Directions for this task
Please retype the records below exactly as they appear, leaving out every picture.

(Brief descriptive captions)
Start of Block

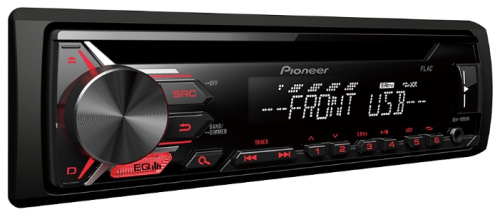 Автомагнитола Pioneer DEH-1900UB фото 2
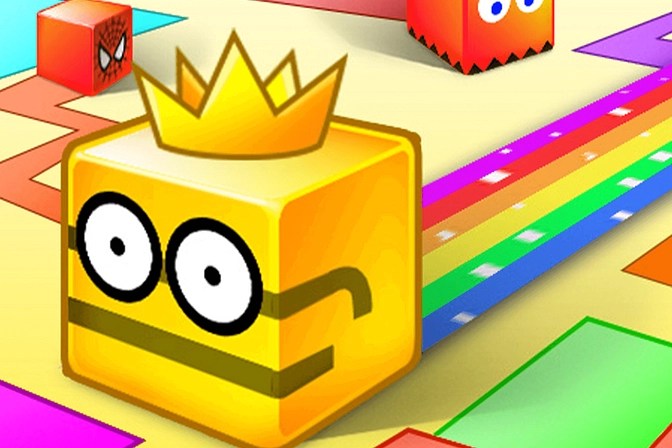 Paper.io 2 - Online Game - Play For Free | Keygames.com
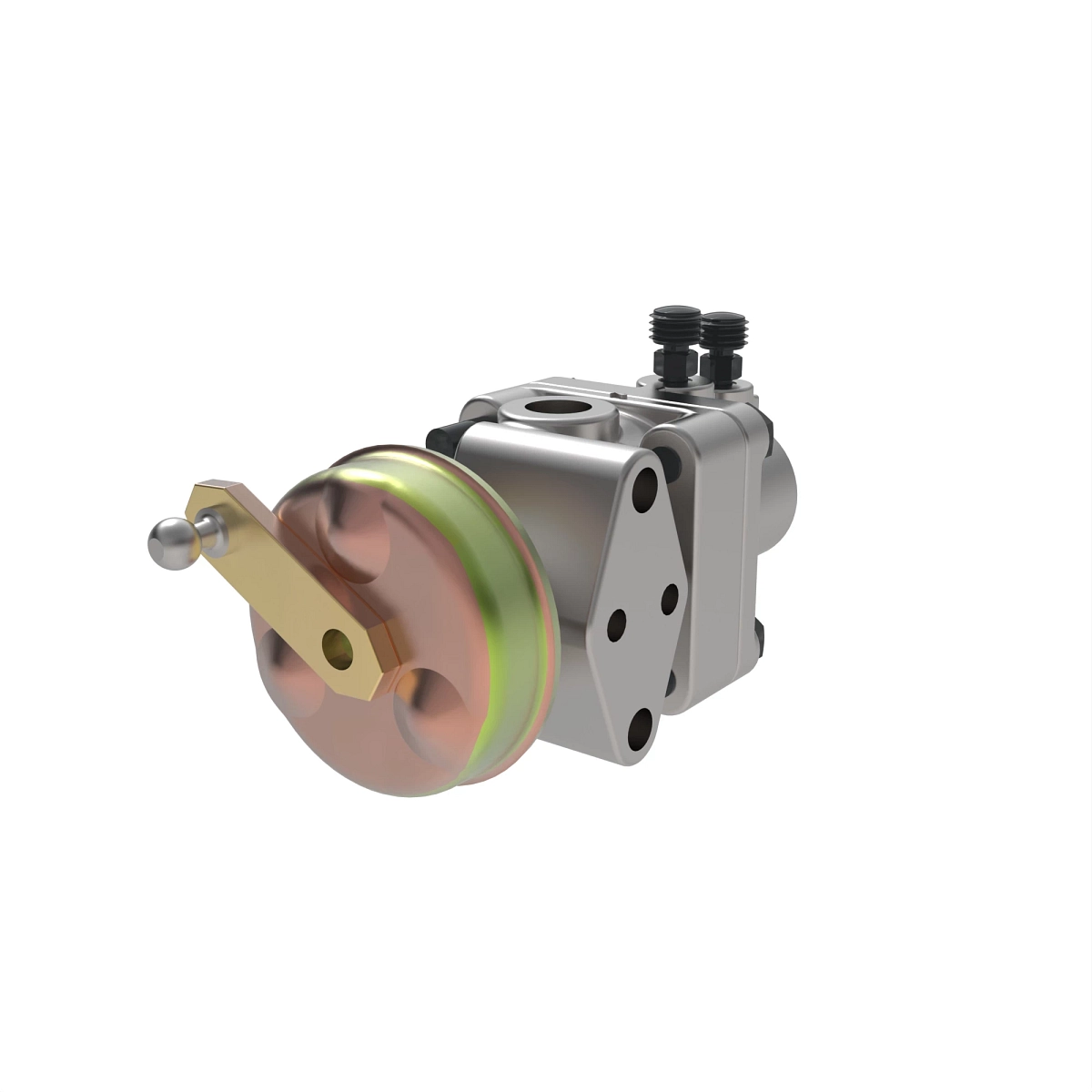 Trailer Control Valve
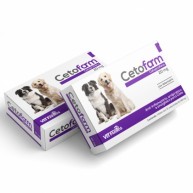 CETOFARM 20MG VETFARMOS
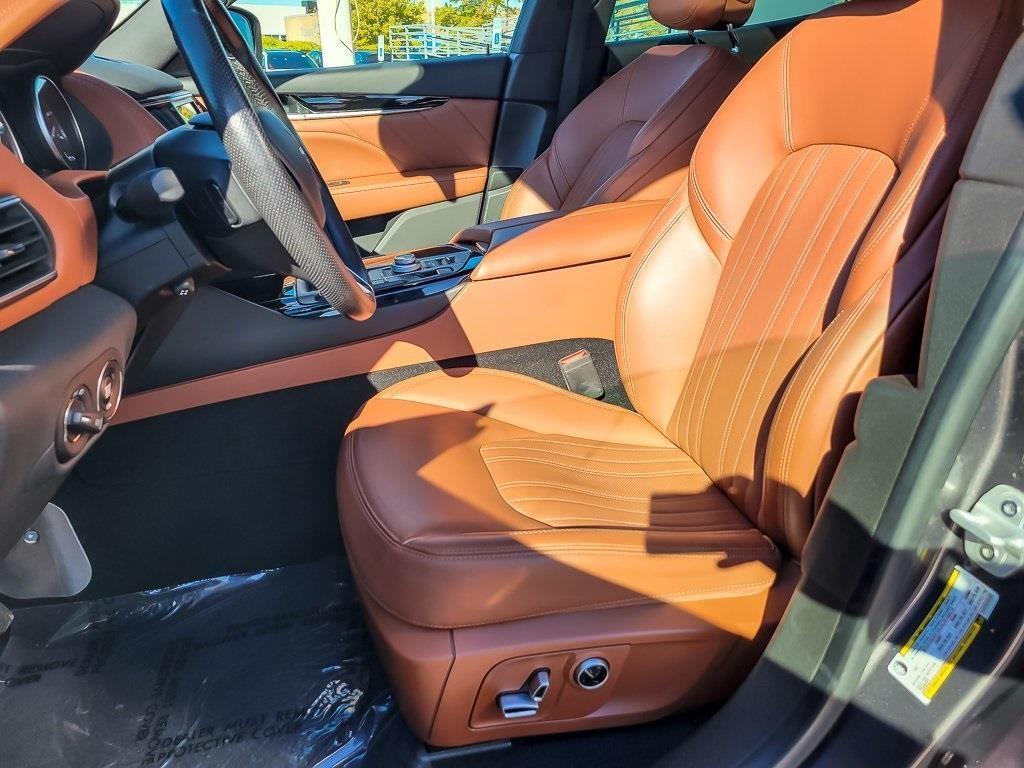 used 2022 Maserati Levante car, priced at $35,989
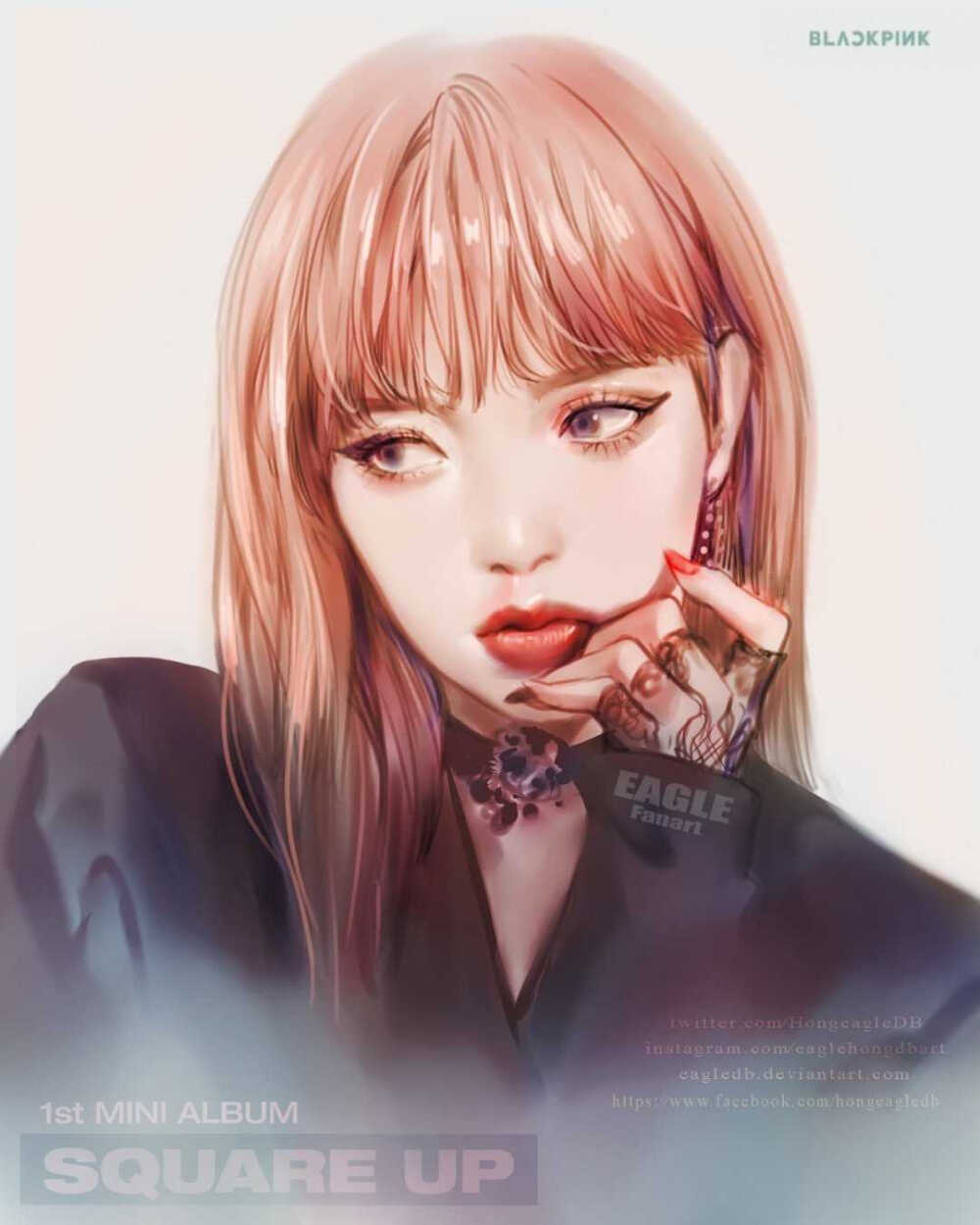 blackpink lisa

End of Block

Written answer
 Автомагнитола Pioneer DEH-1900UB фото 2
 Paper.io 2 - Online Game - Play For Free | Keygames.com
 Trailer Control Valve
 CETOFARM 20MG VETFARMOS
 used 2022 Maserati Levante car, priced at $35,989
 blackpink lisa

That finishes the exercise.